Restate the listing below line for line and word for word, without the pictures.

################

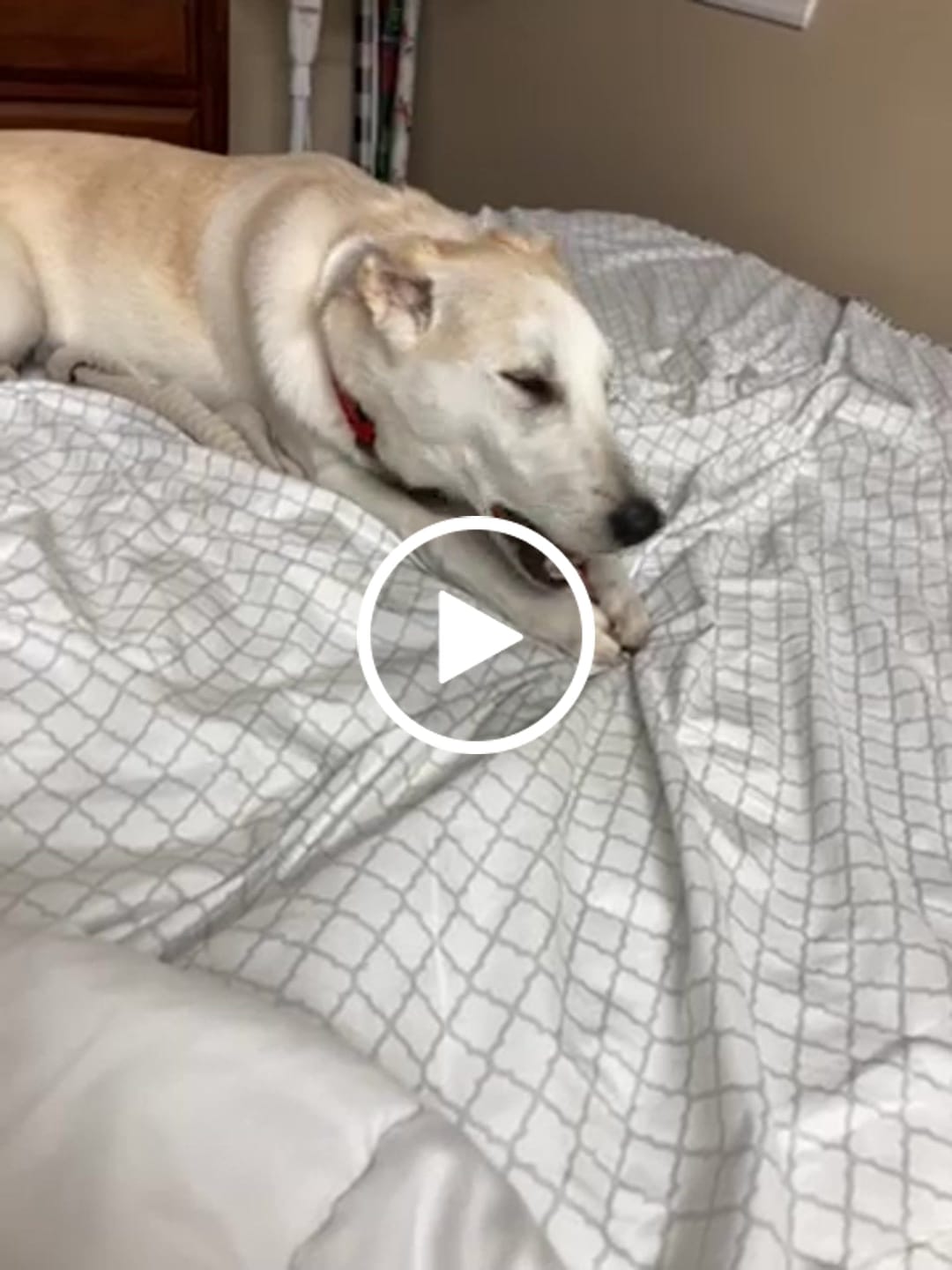 Customer video review of 12 Inch Standard Braided Bully Stick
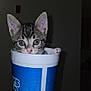 animal, blue, cat, closeup, container, cup, curious, cute, eyes, face, fur, hand, holding, indoor, kitten, paw, pet, portrait, small, white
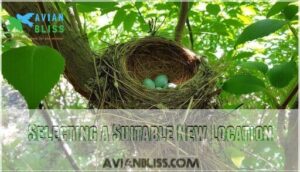 selecting a suitable new location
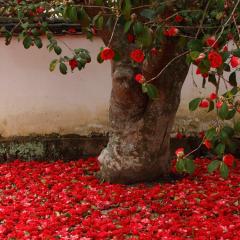 椿と綾乃の部屋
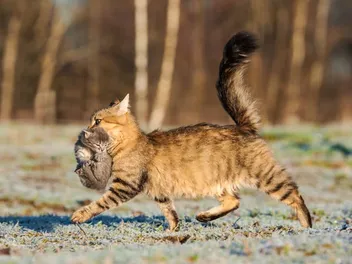 How to Stop a Cat From Moving Her Kittens: 5 Vet-Approved Tips to Try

################

#### Reply to the task
 Customer video review of 12 Inch Standard Braided Bully Stick
 animal, blue, cat, closeup, container, cup, curious, cute, eyes, face, fur, hand, holding, indoor, kitten, paw, pet, portrait, small, white
 selecting a suitable new location
 椿と綾乃の部屋
 How to Stop a Cat From Moving Her Kittens: 5 Vet-Approved Tips to Try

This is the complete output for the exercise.